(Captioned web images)
Segment Open
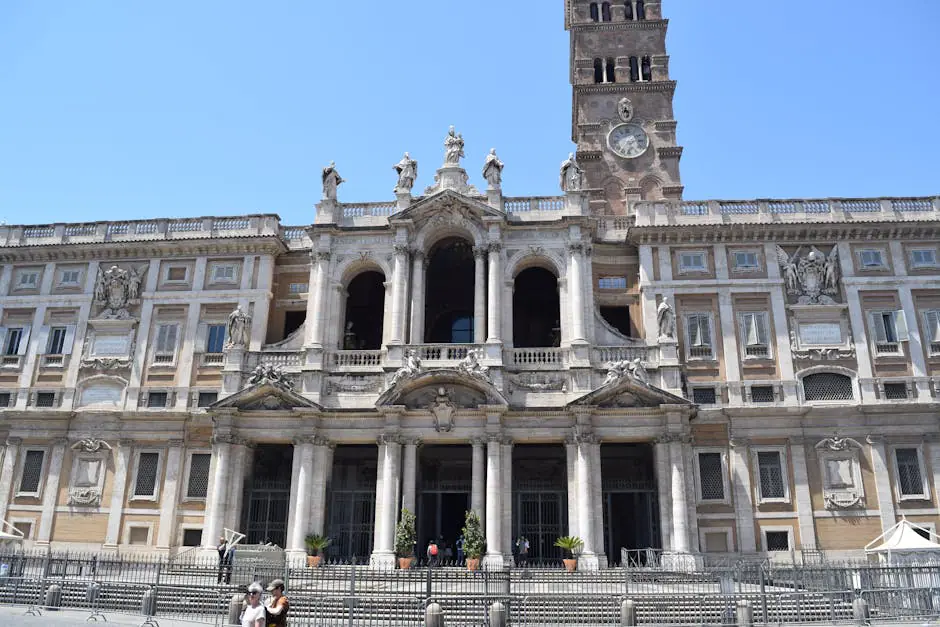 Santa Maria Maggiore live camera view on VolveVision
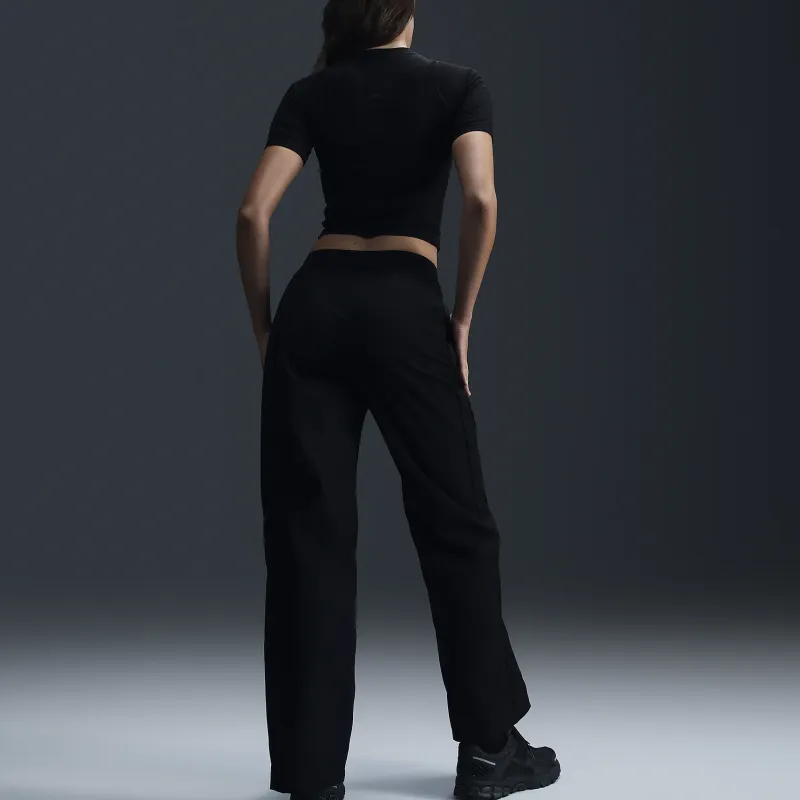 Nike Windrunner Women's High Waisted Woven Open Hem Pants-3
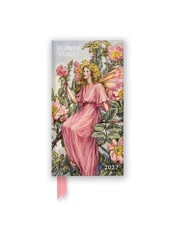 Flower Fairies 2027 Luxury Slimline Pocket Diary Planner - Week to View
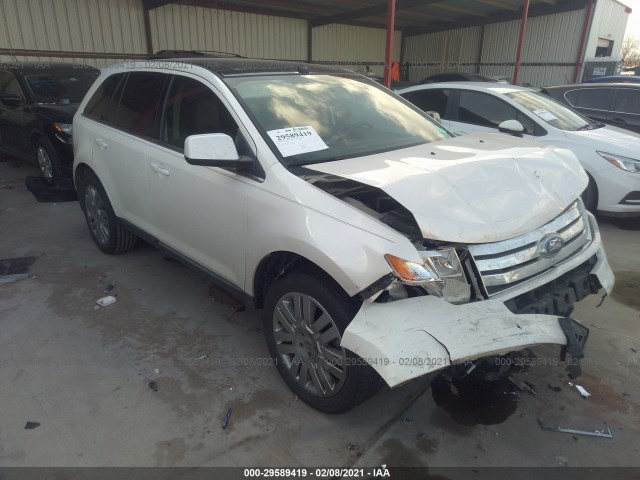 FORD EDGE 2010 2fmdk3kcxaba66166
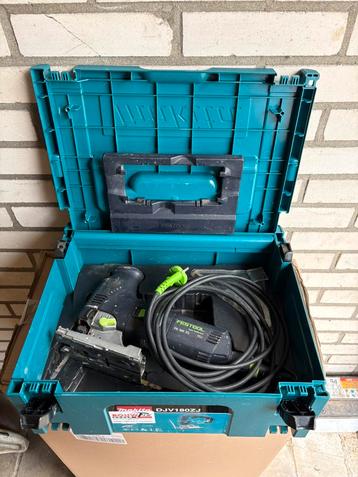 Festool PS 300 EQ Decoupeerzaag beschikbaar voor biedingen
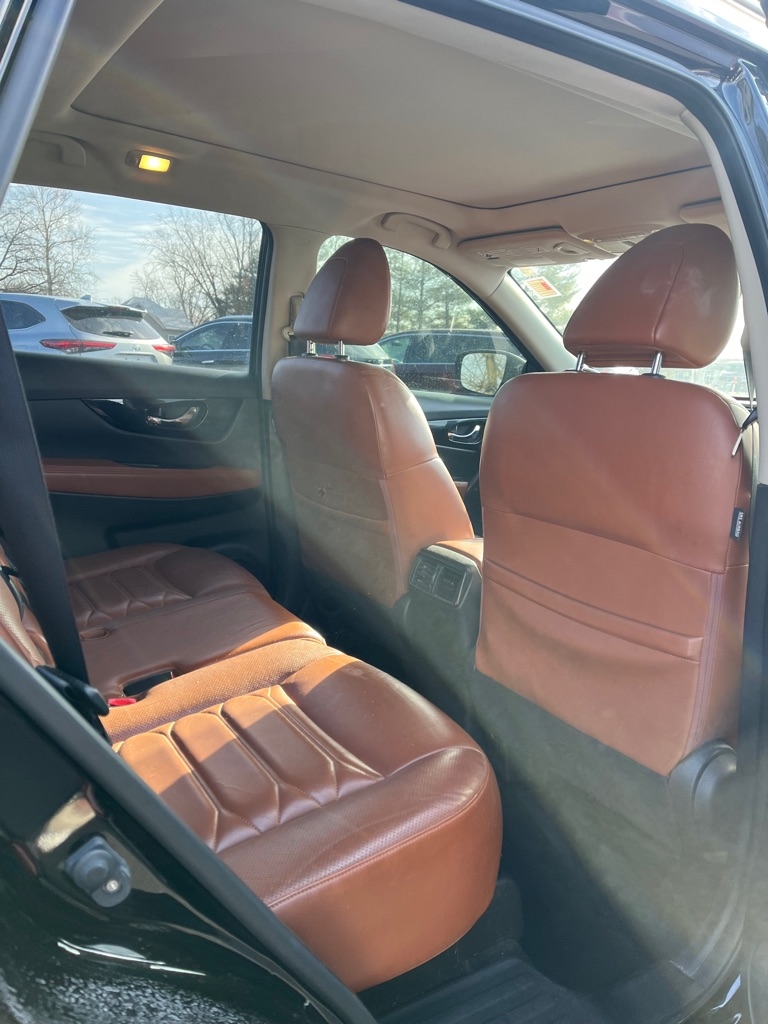 Nissan Rogue SL AWD 2017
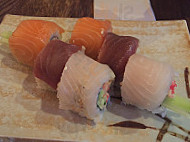 Sushi Berlin food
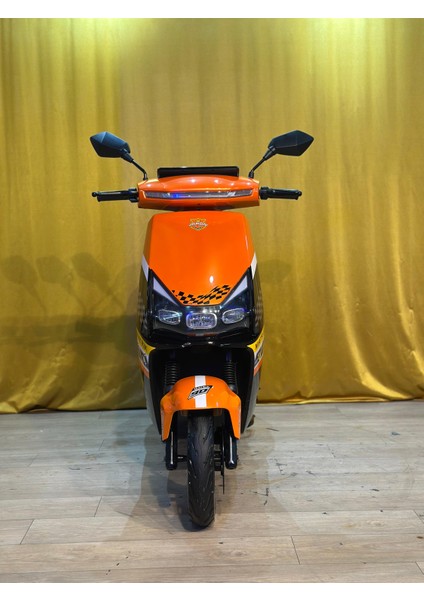 Motor - Matrix Elektrikli Scooter- 2023 Model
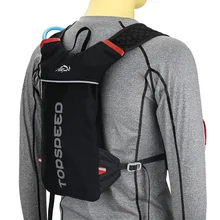 Rucksack Bag outdoors backpack male and female marathon cross country backpack outdoors bag 5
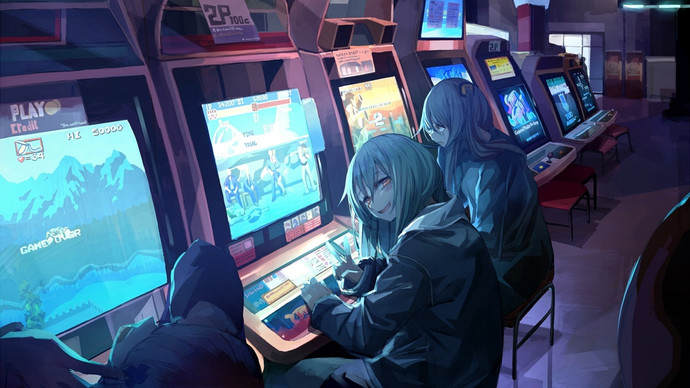 Arcade Time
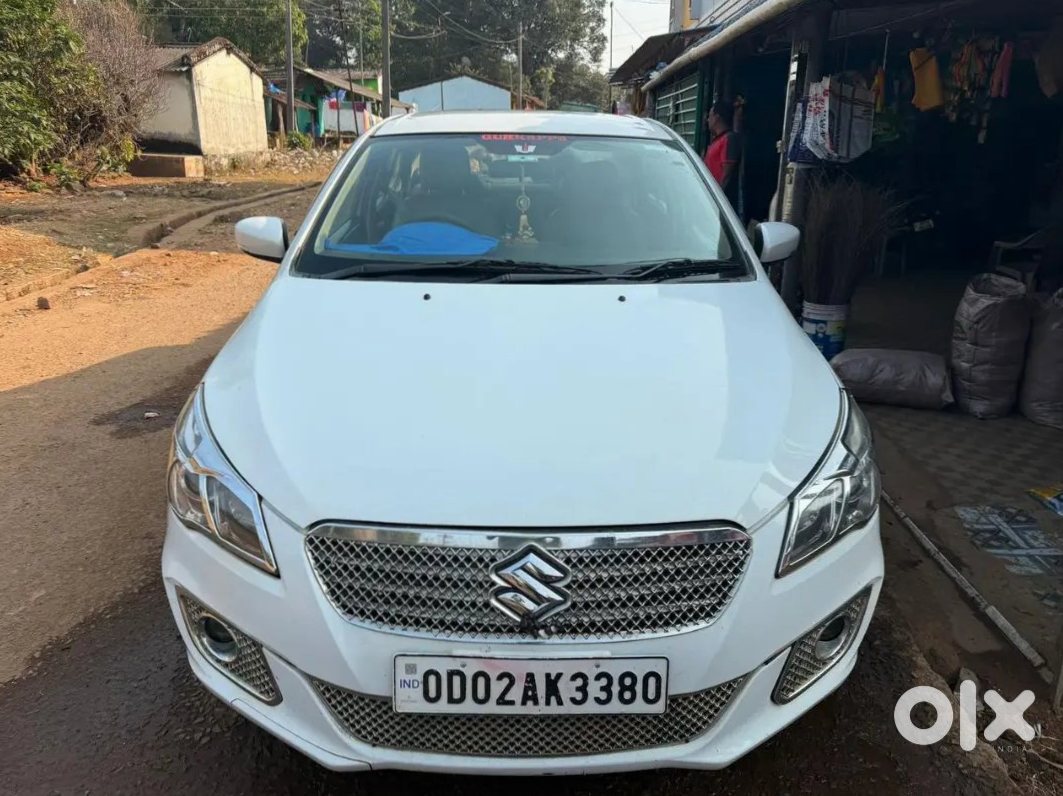 2019 Maruti Suzuki Ciaz Cng Automatic
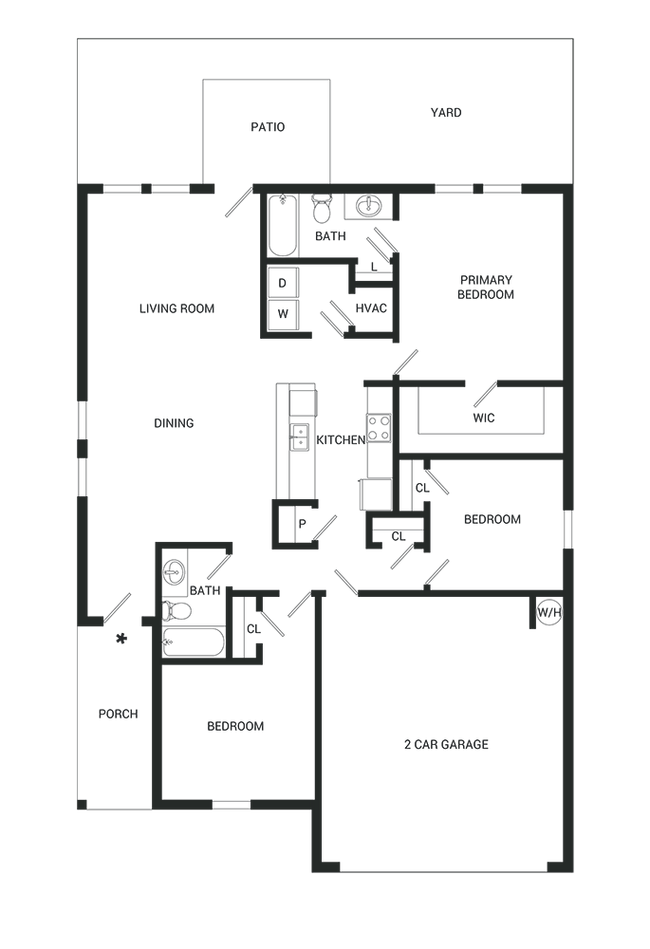 Floorplan - Ruskin Reserve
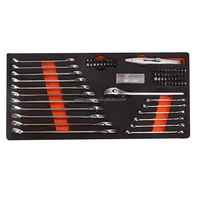 Trousse Professionnelle de Haute Qualité 408 Pièces, Boîte à Outils Portable à Trois Tiroirs avec Tiroirs Robustes, Perceuses Électriques, Clés Hexagonales OEM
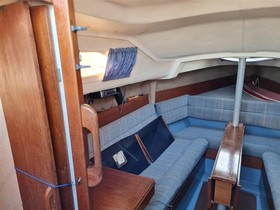 1987 Hunter Horizon 26 myytävänä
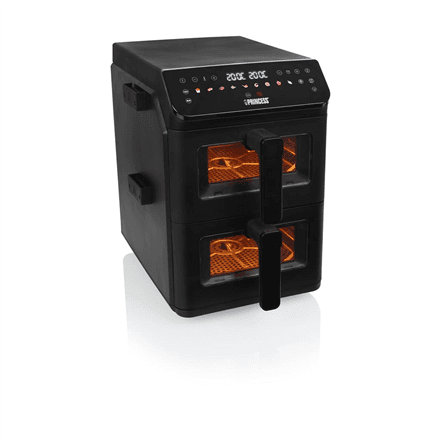 Princess Double Stack Airfryer 3000W 11.2L фритюрница с двумя корзинами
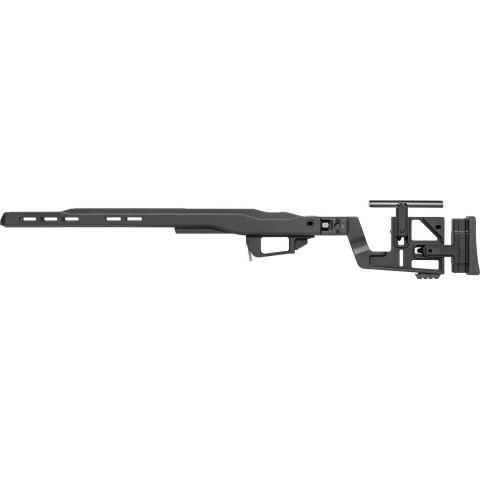 57.00.37 Шасі Automatic ARC2.1-S110LA-B д/Savage110, LA, алюм, скл, чорн.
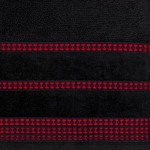 Ręcznik Frotte Amanda 30x50 Czarny 08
Segment Closed
## What you need to do
Repeat word for word the lines beginning at the one with "57.00.37 Шасі Automatic" and ending at the final line of the records above, both included, and no others. Leave the pictures out.

## Result below
 57.00.37 Шасі Automatic ARC2.1-S110LA-B д/Savage110, LA, алюм, скл, чорн.
 Ręcznik Frotte Amanda 30x50 Czarny 08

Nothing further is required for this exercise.